While the MET values allow us to compare activities, they don't measure energy directly. What exactly is 1 MET, then? It is defined as the ratio of energy spent per unit time during a specific physical activity to a reference value of 3.5 ml O₂/(kg For example, sleeping has a value of 1 MET while running has a MET of 7.5, so much higher. You can check that by looking at the different MET values for the exercises included in this calorie calculator. The MET value of an exercise is higher the more energy an activity requires. This measure tells you how many calories you burn per hour of activity, per one kilogram of body weight. This energy expenditure is typically expressed in MET – the metabolic equivalent of a task. The number of calories burned walking is smaller than running or cycling and, e.g., burpees burn even more calories. The energy is consumed in activities such as pumping blood through our system, processing food in our digestive system, and even thinking (the brain burns about 20% of our daily calories).īut when we talk about consuming calories, we tend to think more about the conscious act of exercising and expending extra energy compared to the normal or basal metabolic levels.Īs you may have guessed, every exercise needs a different amount of energy. That includes those times when we are apparently doing "nothing" since, fortunately for us, our body is still functioning and consuming energy. If you need, you can always set a secondary, appropriately loud alarm for a couple minutes later to make sure you don't oversleep.Since calories are, effectively, energy, any time energy is used or transformed in our body, we consume calories. Since you'll be sleeping lightly, you can use gentle alarms (like a wake up lamp or quiet, soft music) to wake up naturally. You can use it in two ways: if you're going to sleep now, you can calculate the optimal time to wake up if on the other hand you have to get up at a specific hour, it will tell you when is the next window for you to get to bed.
#If i go to sleep now calculator full#
The sleep calculator above helps you pick the best moment to go to sleep and the time to wake up so that the time between them allows for several full 90 minute sleep cycles. The best option is to wake up when we naturally drift to the lighter sleep phases and our brain is on the brink of consciousness, so the path to wakefulness is much shorter. We can feel unrested, groggy and cranky for a good part of the day. When the alarm clock wakes us up suddenly from deep sleep or interrupts the REM phase, our body doesn't appreciate it. Usually each cycle takes about 90 minutes. Interestingly enough, while your brain waves frequency is much higher than it was when you were in the deep sleep phase, it's even harder to wake you up.Īfter some time in the dreaming REM phase you fall back into deeper sleep and the cycle repeats.
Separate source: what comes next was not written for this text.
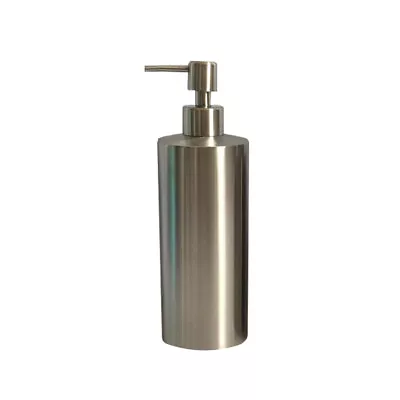  Hand Wash Bottle Soap Pump Stainless Steel Cylindrical Kitchen Lotion Dispenser • £12.38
Your body is more or less paralysed, but your eyes move rapidly. REM stands for Rapid Eye Movement and describes the dreaming phase of your sleep. This is when the magic happens and you switch from NREM to REM sleep.

Your brain doesn't stay in the deep sleep for long - within 90 minutes it speeds up back to theta and then to alpha waves. This means it's more difficult to wake up someone who's in the Slow Wave Sleep. in stage 3 of NREM, your brain oscillates much slower and is less perceptible to stimuli like light or sound. These are three NREM (Non-REM) stages of sleep. Brain waves frequency goes down from what we call alpha (8–13 Hz) to theta (4–8 Hz) and finally delta (1–4 Hz) frequency bands.


Well, while this works for your battery powered electronics, humans have a different, more complicated system in place.Īs soon as you fall asleep, your consciousness drifts away and your brain slows down. It would seem that sleeping is a simple activity - you power down, regenerate over several hours and wake up fully recharged.